Now to your very thoughtful question (and I will try to give a thoughtful answer).

If I have a choice on how to feel about something, I always try to take the positive, or optimistic, way to feel because it makes me feel cheerful rather than sad, and if I try to convince myself that something is a GOOD thing then sometimes I can come to believe that it is, and then it really IS a good thing.

If you start off trying to think that something is GOOD, you can always modify it to not-quite-as-good-as-I-hoped, or not-really-all-that-good, etc., but it's pretty hard to start off thinking something is bad and then trying to convince yourself that it isn't. This might be a bit of a tangle of words - I'm sorry if it is, but I think you'll be able to work it out if you re-read it once or twice. If you can't, I'll try to explain it more clearly when I see you - talking usually doesn't cause as much misunderstanding as writing.

If a glass has some water in it, some people see the glass as half empty and others see the same glass as half full, yet it's the same glass.
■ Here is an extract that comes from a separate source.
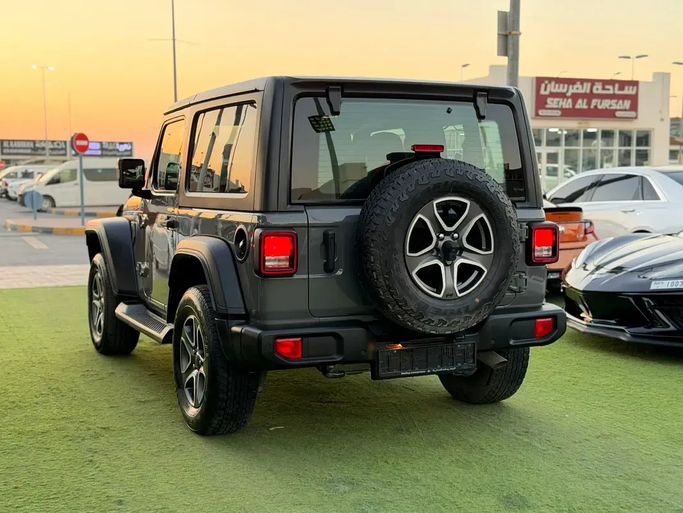 Подержанный Jeep Wrangler IV (JL), 3.6 л, 2021 в ОАЭ, Шарджа от Rebou Alfakhama Серый цвет. GCC | AUTO.AE | Объявление #295815 — фото 5 из 14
Half empty is the negative, or pessimistic, way to see it, where half full is the positive, or optimistic, way to see the same glass. When we look at a situation, I think it is best to VERY CONSCIOUSLY try to take the OPTIMISTIC or POSITIVE view of it. Not only does this help ourselves, but helps the people nearest and dearest to us as well.
You are naturally a cheerful, positive sort of person, and I really believe you are, and will be, very good at seeing the positive side of things (though sometimes it isn't easy, and we have to try very hard to do that).
The house, and the move, are VERY big things for Mum and Dad, and you might feel that your thoughts and feelings are being neglected a bit. I think that things might be a bit easier after the auction on Thursday. I know, for an absolute certainty from talking to Mum and Dad, that what is going to be best for YOU, the person they love more than anyone or anything in the world, is of the very greatest importance to both of them. They may not always be able to tell you that, but you know, and can always be sure, that this is true!

If you would like me to carefully try to remind Mum and Dad of how you might be feeling, I will. I won't mention it to them if you would rather I didn't. You might prefer to talk to them yourself.
We all love you HUGELY, Sapphire, and would do anything to help you in this pretty tough time.
Thank you very much for trusting me with this VERY important question. I hope I have helped a bit.
All my love,

Grandpa xoxoxoxoxoxoxoxoxoxoxoxoxoxoxoxoxoxoxoxoxoxoxoxoxoxoxoxoxoxoxoxoxoxoxoxoxoxox
(any sized hug you like!)

Tuesday, October 14, 2008

Show us yer Tightly Held Pocket



Sigh. It's been eight long years since we've been through the stomach-clenching stress of selling a house and looking to buy another.

In 2000 we handed over the keys to our little red 1950s clinker in Heidelberg Heights (home of neighbour bogans fond of drunken and naked domestics at 3am) and moved back home to South Australia with a one year old baby and a crabby blue heeler in tow.

Now we're selling our beloved old dame of a home in Adelaide and moving back to Melbourne; this time with a nine year old young lady, a friendly Jorgi and nervous white rabbit as entourage. The car, however, is still the same - a now twelve year old Magna station wagon with its fair share of dings, dog hairs and cassette tape-only sound system.

Love Chunks' work opportunities are going to be more challenging and wider-ranging at Nerd Central (aka the Bureau of Meteorology) in the Docklands and I'm hoping to get Sapphire settled into her new school/sport/music/social life whilst also keeping my beady snot green eyes out for any writing opportunities that arise.
Yes, the competition will be much greater than in Adelaide, but hopefully too there'll be more avenues to investigate and maybe even more willingness to entertain submissions from a writer who is not related to Nicole Cornes, has never appeared on Big Brother and is not currently - nor ever in the past - been busy shagging an AFL player.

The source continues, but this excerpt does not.